The Voice of Arabic Art Music
 (CD Review) By Alfred Madain
 

In the desolate void of which Arab music has become, a flower in the desert has bloomed. With the death of the Ustad Saleh Abdul-Hay in 1962, It was thought that the Syrio- Egyptian musical form known as Arabic art music was to be forever lost, and in 1975 with the death of the great legend whom maintained the last form of that vocal technique Al- Sayyida Umm Kulthum, the last grains of sand were poured over the coffin of a musical form which one thought would never be opened again.
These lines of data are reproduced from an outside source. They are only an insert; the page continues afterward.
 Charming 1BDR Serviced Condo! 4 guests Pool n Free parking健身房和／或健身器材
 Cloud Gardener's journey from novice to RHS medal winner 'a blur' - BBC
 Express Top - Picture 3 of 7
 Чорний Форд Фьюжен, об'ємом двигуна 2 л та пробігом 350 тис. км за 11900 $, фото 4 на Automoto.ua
Unlike The music of India and Persia which manifested contemporary forms of the twentieth century along side their forms of art music, the large degree of incorporation of western musical forms into contemporary Arabic music would wipe out its original form completely.

In the 1930's the two grand young voices which had the hope of carrying this art form into the 20th century were caught up in the new hype of the western musical films. Orchestration and new rhythms incorporated into Hollywood films like the rumba and waltz would spark up the creativeness of young musical innovators and performers like Mohammed Abdul Wahab, causing him to abandon the standards of his teenage idols like the Sheik Salama Higazi, and to dawn the suit of a young Hollywegypt pioneer. This new film craze would dominate the media mediums of the Middle East, and as a new generation of a largely rural world were introduced to advanced forms of the music which spoke their tongue, the music would be the contemporary works of Abdul Wahab and Farid Al-Atrash. Artists who clung on to art music as their form of expression like Saleh Abdul-Hay were soon pushed under, and listened to only by a few.
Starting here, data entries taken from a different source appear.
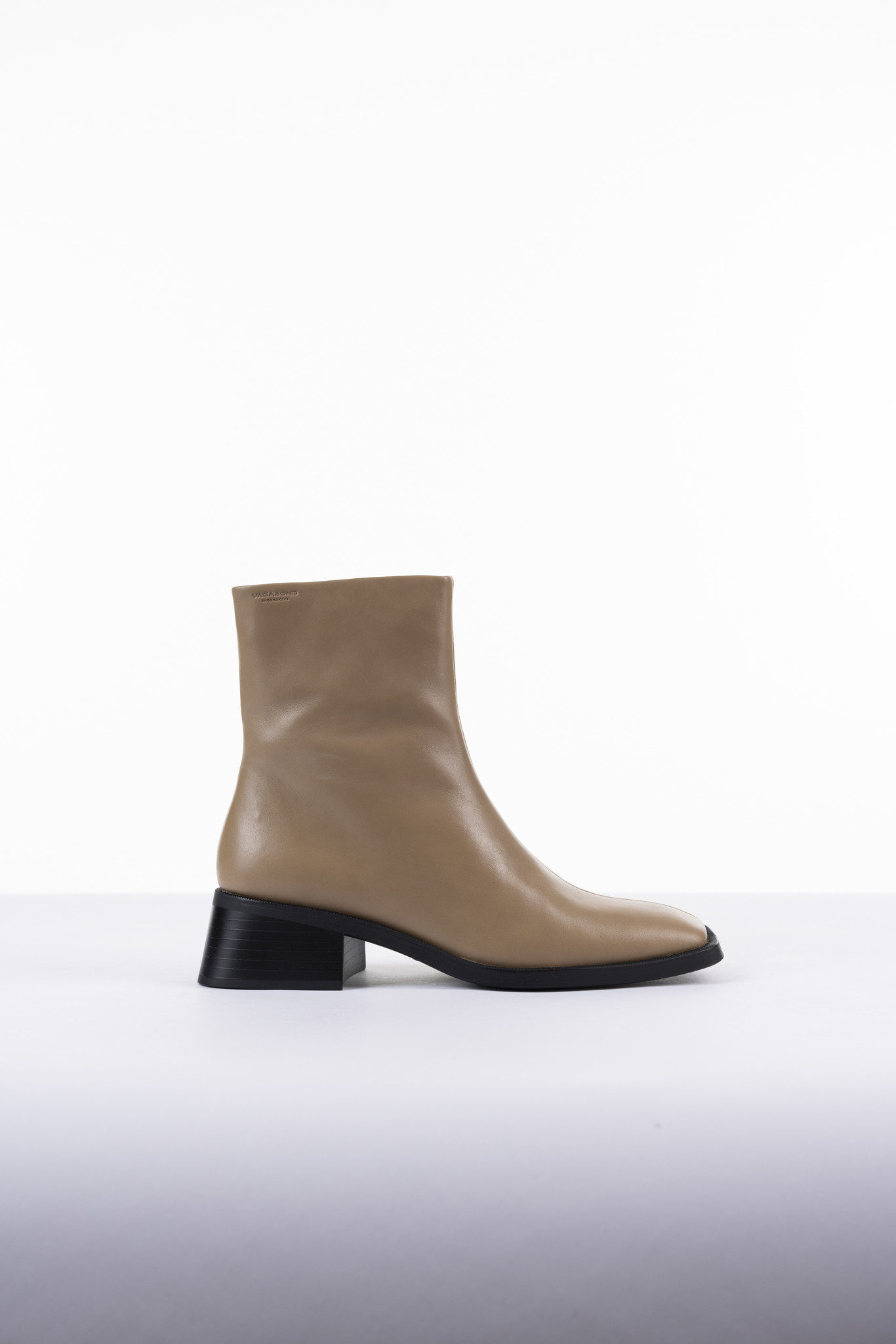 Blanca Boots Lark
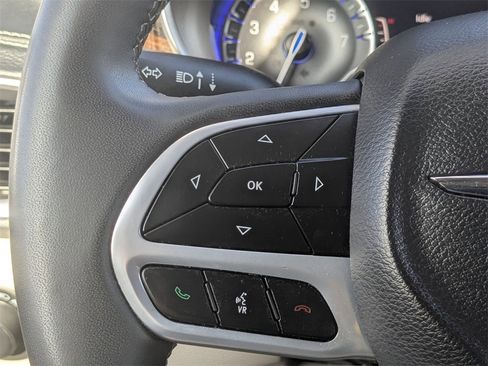 Used 2023 Chrysler Pacifica Limited image 18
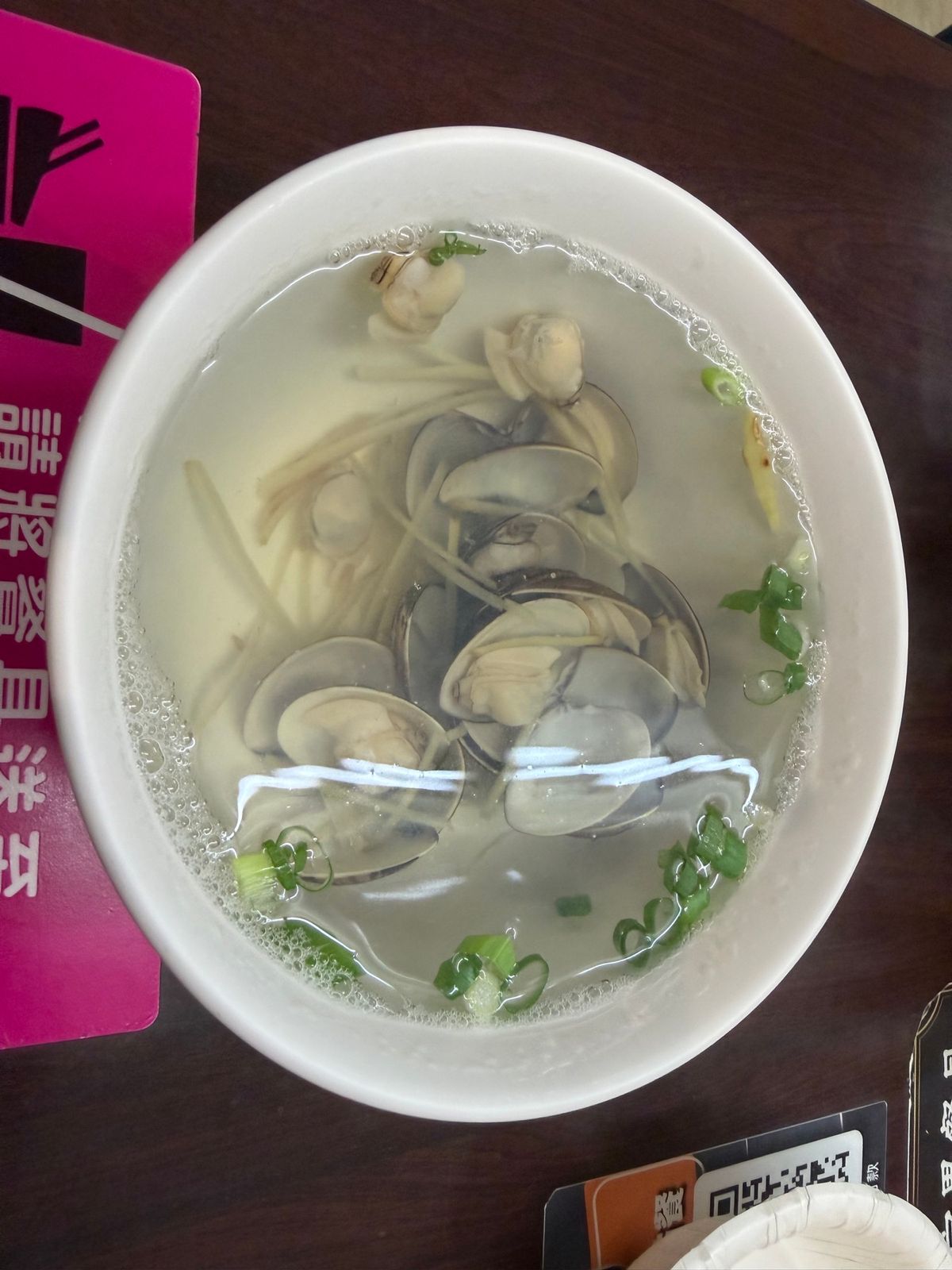 朱遊記にて黄金炒飯と蛤のスープ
When I heard Aicha Redouane on CD back in 1993, an automatic smile stretched itself across my face, for here was someone who was adhering and attempting to preserve the form of Arabic art music. Born in 1962 in Morocco to an Imazight ("Berber") family, Aicha began to sing at a young age at social functions. Aicha's family would move to France while she was young .While in college Aicha would meet with other Arabs from Tunisia and the Near East, where she was introduced to other musical forms including early performers and masters of Arabic art music like sheik Yusef Al-Manyalawi, and sheik Ameen Hasaneen. Aicha left her studies in architecture in pursuit of her dream, of preserving Arab art music. She continued to study voice and eventually began to study the qanun. To master the Arab scale system, she would continued her studies in Egypt where she was trained as a Quranic reader (Mujawid).
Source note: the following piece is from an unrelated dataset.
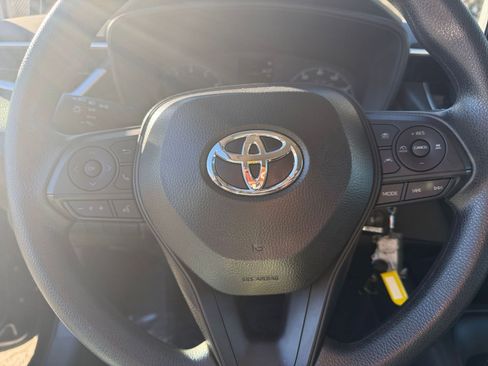 Used 2025 Toyota Corolla LE image 25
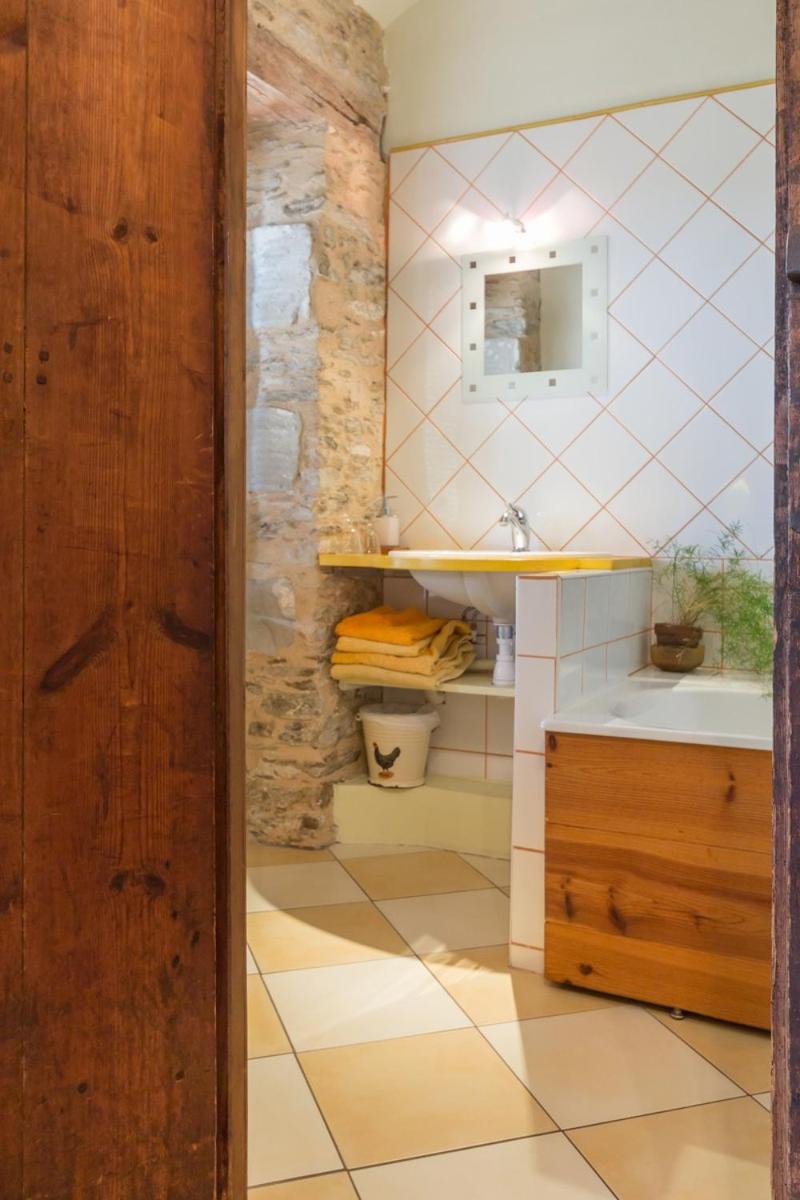 Double Room with Private Bathroom - Photo 13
Her debut CD released on Ocora records from France features three waslas based on the Arabic wasla standards of the Ottoman Court, Beginning with a samai leading into a dulab, a muwashshah, taqâsîm and layali and ending with a qasida or a dawr. Although many of the forms in the beginning of the wasla are maintained today by Large ensembles such as Kan Zaman, a community ensemble based in Southern California, it is the qasida or dawr which Art music bases itself upon. More precisely it is the embellishment of Arabesque vocal ornamentation which is the creative inspiration of the art form.

Although Aicha Redouane's voice does not carry the debt of Umm Kulthum’s or the beauty of Al Manyalawi’s. Her ornamentation ( Ilq'a) ranks with that of the old masters especially her favorite Abd Al-Hay Hilmi, and her work to preserve this style is one that is surely appreciated.

*This recording can be found on Ocora radio France CD # C 560020.